L’inaction du gouvernement français est d’autant plus inexcusable que beaucoup de ses voisins, frappés par l’épidémie, ont mis en place des mesures de protection spécifiques sur le logement. À Lisbonne, les locataires du parc social disposent de plusieurs mois pour régler leurs loyers du mois de juin sans pénalité. L’Allemagne accorde deux ans pour régler la facture à tous les locataires. En Espagne, les expulsions sont suspendues pendant l’état d’alarme et les six après sa fin. À Bruxelles, une prime a été versée aux bailleurs pour être déduite du loyer. Des exemples mis en avant par le DAL pour dénoncer la situation en France :

« La France sera-t-elle le dernier grand pays européen à mettre en place un moratoire des loyers ? Le gouvernement laissera-t-il expulser des centaines de milliers de ménages ? Le Gouvernement argue qu’il a prévu des aides financières aux salariés et aux ménages pauvres, mais il ne tient pas compte de ceux et celles très nombreux qui passent déjà à travers les mailles du filet social. »

Alors que des milliards d’euros sont accordés sans difficulté ni condition aux grandes entreprises, le silence sur la question du logement est inacceptable.

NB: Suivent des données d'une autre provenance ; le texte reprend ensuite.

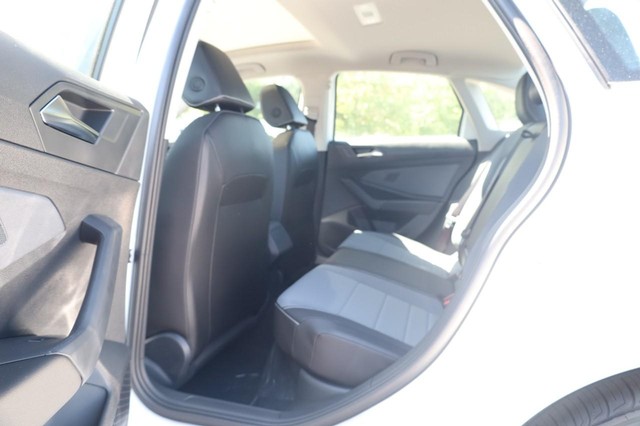 Volkswagen Jetta Vehicle Image 21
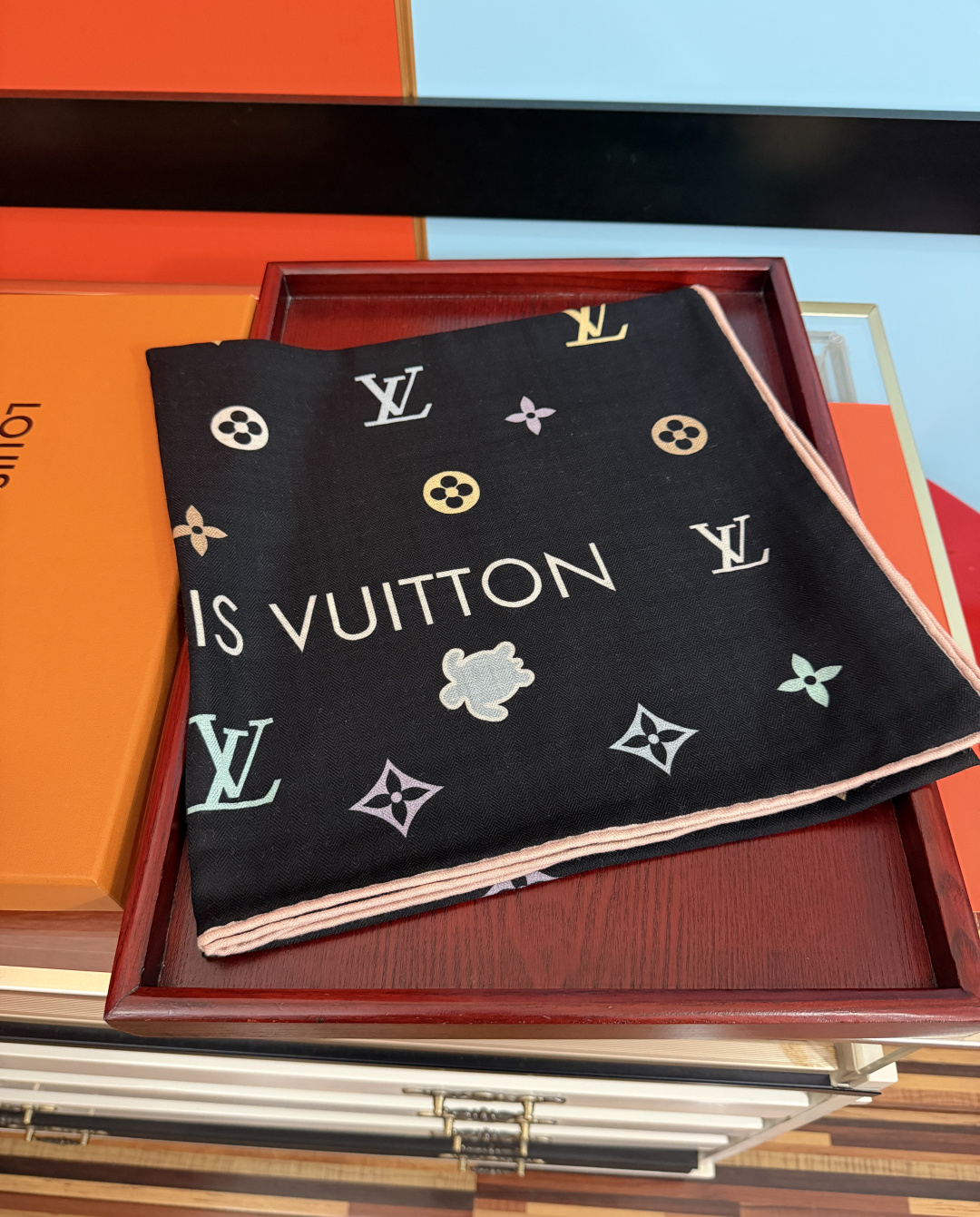 ￼ 🆕 上新❤️LV  2026 ZG同步经典优雅[礼物]~气质到骨子里[色]新一季的面料超高级，真心超级柔软，丝丝顺滑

Des mesures d’urgence doivent être prises rapidement pour empêcher de plonger des millions de personnes dans la spirale de l’endettement, dans le mal logement voir de les condamner à la rue. Il est également nécessaire de repenser les politiques de logement pour casser la logique spéculative. L’arrêt des activités de AirBnB dû à l’épidémie a ainsi multiplié les offres de location de meublés en Île-de-France, preuve que l’offre existe. Le développement d’une offre publique à vocation universelle doit également être enfin envisagé sérieusement. La crise qui s’annonce montre que la maîtrise publique du parc de logement est également un enjeu de résilience. Le DAL a lancé une pétition en ligne pour un moratoire des loyers pour les locataires les plus en difficultés.